Tüm bu polis terörü neticesinde bir dizi insan yaralandı. Kafasına, bacaklarına ve vücudunun çeşitli yerlerine gaz bombası kapsülü isabet eden eylemciler yaralandılar. Kimileri astım krizi geçirdi.

Bazı yaralılar ise polis terörü nedeniyle ölümün eşiğine geldi:

BDSP’li Zafer Yolcu, kafasına gaz bombası kapsülü isabet etmesi nedeniyle Haseki Hastanesi’ne kaldırıldı. Yolcu’nun kafatasındaki kemiklerin çöktüğü ve kafatasından içeri biber gazı sızdığı bildirildi. Acilen ameliyata alınan Yolcu’nun durumu ciddiyetini koruyor.

• Okmeydanı’ndaki polis saldırısında Dilan Alp isimli lise son sınıf öğrencisi yaralandı. Taksim İlkyardım Hastanesi’ne kaldırılan Alp’in durumunun ağır olduğu öğrenildi.

• Yürüyüş muhabiri Meral Dönmez de polis saldırısında ağır yaralananlar arasında. Dönmez Bahçelievler’deki Medikal Park Hastanesi’ne kaldırıldı.

• Serdal Gül isimli bir kişi kafasına isabet eden biber gazı nedeniyle Memorial Hastanesi’ne kaldırıldı. Tomografi sonucunda Serdal Gül ameliyata alındı. Ameliyat iyi geçti ancak Gül’ün sağlık durumu ciddiyetini koruyor.

 

 

 

 

Zafer Yolcu’nun durumu kritik

İşçilerin, emekçilerin ve ezilen halkların uluslararası birlik, mücadele, dayanışma günü 1 Mayıs, bu yıl yine işçi sınıfının, devrimcilerin kararlı direnişiyle tarihteki, yerini aldı.

Yüzlerce kişinin hastaneye başvurduğu, 10’a yakın kişinin ise hayati tehlikesinin olduğu açıklamalarda ifade edildi. Onlarca gözaltı ve yaralının arasında sınıf devrimcileri de bulunurken, Telekom işçisi Zafer Yolcu’nun sağlık durumunun da kritik olduğu öğrenildi.

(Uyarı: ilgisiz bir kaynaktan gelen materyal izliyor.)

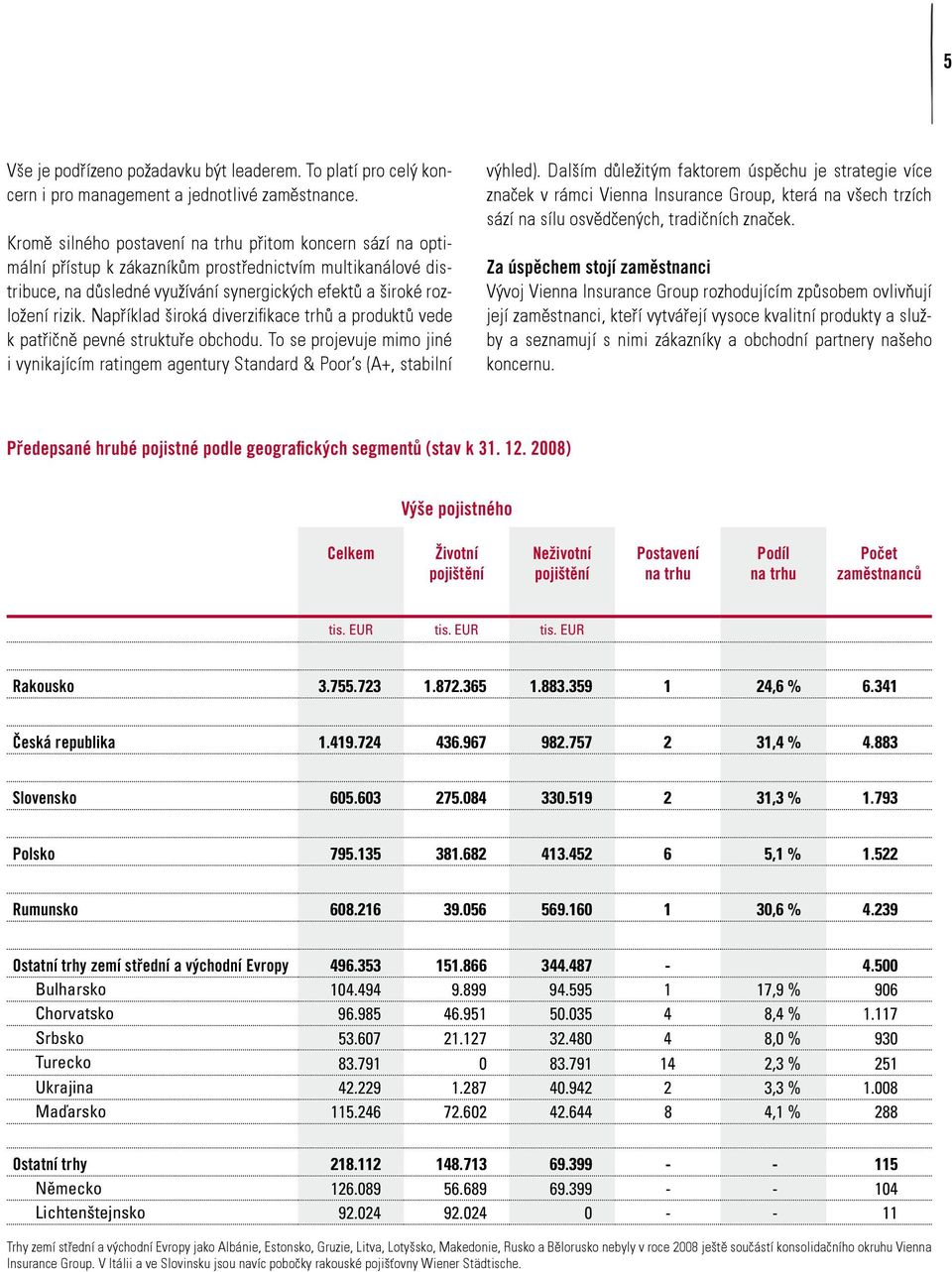 Například široká diverzifikace trhů a produktů vede k patřičně pevné struktuře obchodu. To se projevuje mimo jiné i vynikajícím ratingem agentury Standard & Poor s (A+, stabilní výhled).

Polisin müdahalesi sırasında gaz bombası fişeği ile kafasından yaralanan Yolcu’nun, kafatası kemiğinin göçtüğü ve beynine biber gazı sızdığı söyleniyor.

Haseki Hastanesi’ne kaldırıldıktan sonra ilk olarak yapılan muayenenin ardından Yolcu hızlıca ameliyata alındı. Ameliyat sonrası verilen bilgilerden kafatası kemiğinin kırılması ve içeri biber gazı sızması nedeniyle beyin zarının tahrip olduğu, kırık kemiklere müdahale edilmesi gerektiği öğrenildi.

Yolcu’nun hayati tehlikesi devam ederken, en az bir hafta daha hastanede kalacağı belirtiliyor.